Base64.decode64(input).force_encoding('utf-8')
Base64 encoding problem
Base64 comes handy when we need to represent binary data in ASCII. For example when transferring a file or storing encryption key.
The other use case when Base64 is useful is when we can handle only ASCII characters but user may provide non-ascii strings. In such case we encode string on one end transfer encoded input and decode on the other end. You may however be surprised that this may not work straight in Ruby.
encoded = Base64.encode64('Zażółć gęślą jaźń.')
=> "WmHFvMOzxYLEhyBnxJnFm2zEhSBqYcW6xYQu\n"
Base64.decode64(encoded)
=> "Za\xC5\xBC\xC3\xB3\xC5\x82\xC4\x87 g\xC4\x99\xC5\x9Bl\xC4\x85 ja\xC5\xBA\xC5\x84."
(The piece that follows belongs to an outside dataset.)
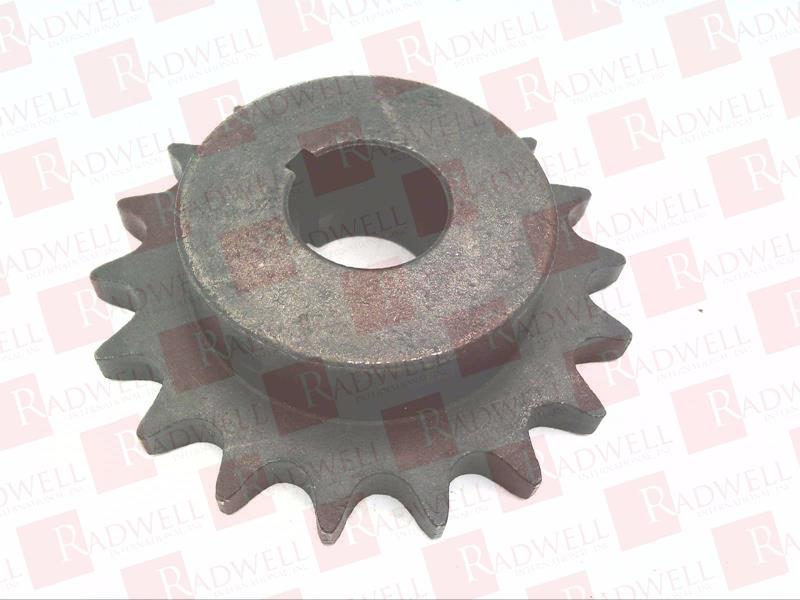 MARTIN SPROCKET & GEAR INC 60BS18-1-1/4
Decoding what was previously encoded with standard Base64
class
doesn’t return the same value which was encoded. It is because
Base64
can’t determine input’s encoding and decodes in 8-bit ASCII:
Base64.decode64(encoded).encoding
=> #<Encoding:ASCII-8BIT>
It is very difficult task to guess input’s encoding but surprisingly
decode64
doesn’t accept any parameter allowing to set the desired encoding
and just defaults to ASCII.
To make above example work string encoding needs to be forced manually:
Base64.decode64(encoded).force_encoding('utf-8')
=> "Zażółć gęślą jaźń."